Filistinli yetkili, uluslararası topluma ve ülkelerin parlamentolarına, İsrail'in ırkçı ve kanlı tutumlarına karşı insani ve ahlaki sorumluluklarını yerine getirmeleri çağrısında bulundu. Bu çağrı, İsrailli aşırı sağcı 8 milletvekilinin Gazze Şeridi'nin kuzeyinde gıda ve su kaynaklarının yok edilmesini talep etmesinin ardından yapıldı. Haaretz gazetesinde yer alan habere göre, bu milletvekilleri, İsrail Savunma Bakanı Yisrael Katz'a Gazze'deki durumu ele alan bir mektup göndermişti.

İSRAİL'İN GÖÇ PLANI

İsrail ordusu, 6 Ekim'de Gazze'nin kuzeyine, özellikle Cibaliya Mülteci Kampı'na yönelik kara saldırısı başlattı. Bu operasyonun, daha önce İsrail basınına yansıyan "generallerin planı" olarak bilinen strateji doğrultusunda gerçekleştirildiği ifade ediliyor. Planın amacı, Gazze'nin kuzeyinden Filistinlilerin tahliye edilerek, bölgedeki yerleşim yerlerinin İsrailliler için hazır hale getirilmesi olarak görülüyor.

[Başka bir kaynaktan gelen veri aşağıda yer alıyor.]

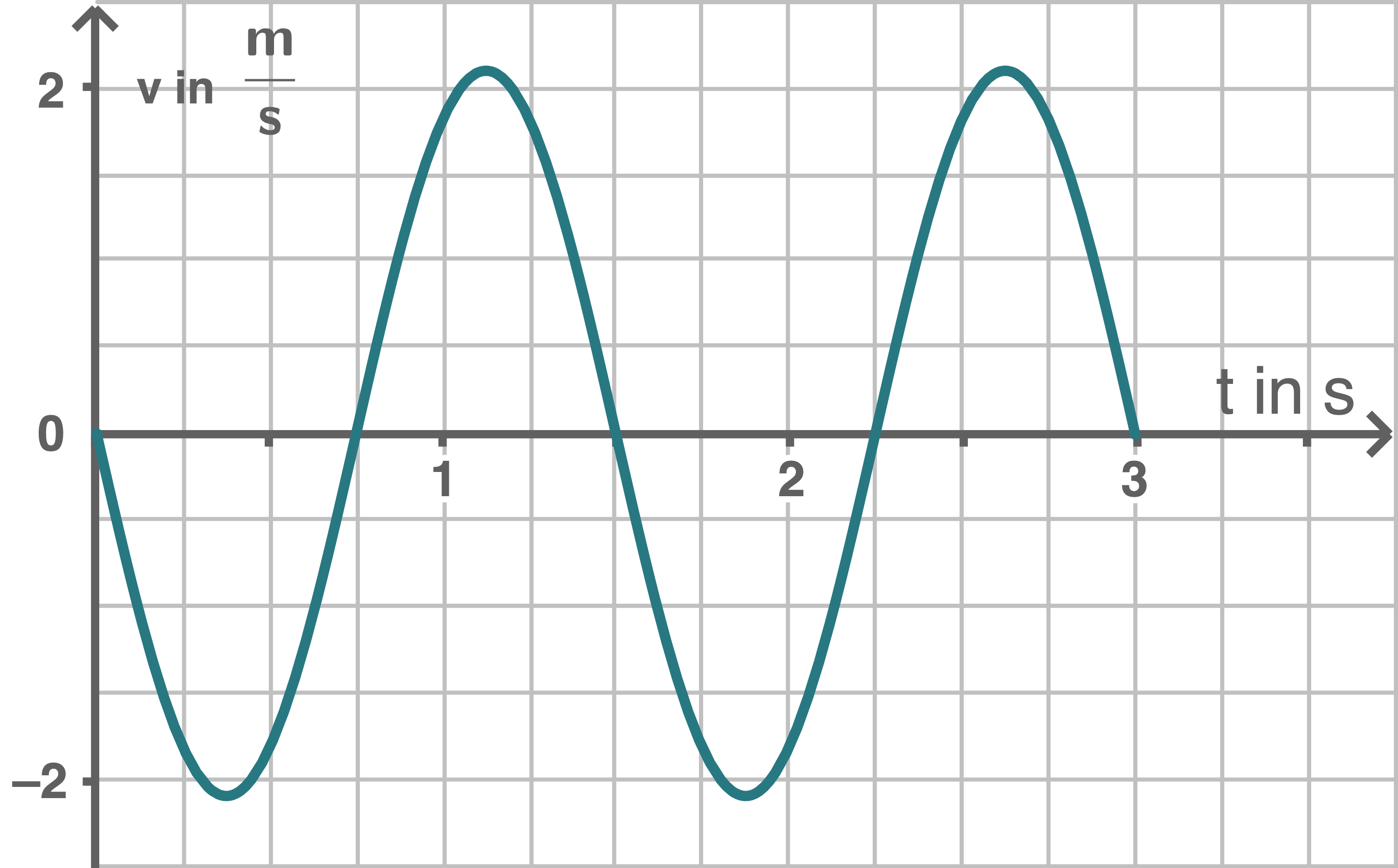 Zeit-Geschwindigkeit-Diagramm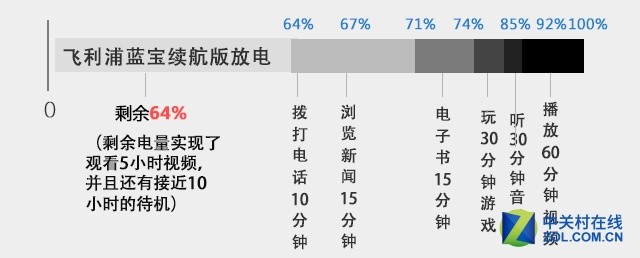 5000mAh有多強？實測飛利浦藍寶續(xù)航版 
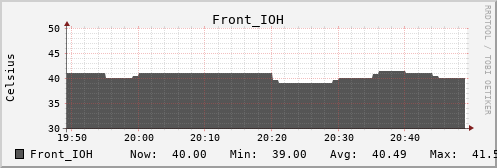 kratos41 Front_IOH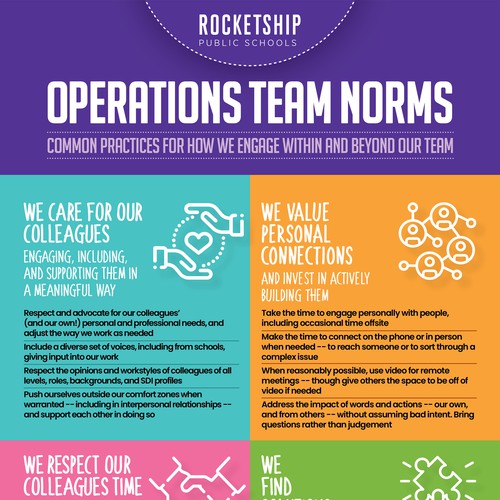 "Team Norms" flyer for nonprofit education team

İsrail Ordu Sözcüsü Avichay Adraee, 7 Ekim tarihinde yaptığı açıklamada, Gazze Şeridi'nin kuzeyindeki Beyt Hanun, Cibaliya ve Beyt Lahiya bölgelerinde yaşayan Filistinlilere yönelik uyarıda bulunmuştu. Sosyal medya üzerinden yapılan duyuruda, bu bölgelerin boşaltılmasını talep eden İsrail ordusu, Filistinlilere hangi alanların tahliye edilmesi gerektiğini gösteren haritayı paylaşmıştı.

Filistinlilere Gazze'nin güneyindeki Mevasi bölgesine gitme çağrısı yapan Adraee'nin paylaştığı harita, İsrail ordusunda eski Operasyonlar Bölümü Başkanı General Giora Eiland'ın girişimiyle hazırlanıp hükümete sunulan "Generallerin Planı" ile benzerlik göstermişti.

"Generaller Planı" olarak bilinen bu plan, Filistinlilerin Gazze Şeridi'nin kuzeyinden tehcir edilmesini öngörüyordu. Ardından, bölgenin kuşatılması ve gıda, yakıt ile temiz suyun bölgeye girişine izin verilmemesi planlanıyordu. Plan, bu kuşatma altında kalan silahlı direnişçilerin "ölüm ya da teslim olma" arasında bir tercih yapmaya zorlanmasını, bölgeyi terk etmeyen veya terk edemeyen Filistinlilere ise "düşman unsur" muamelesi yapılmasını içeriyordu.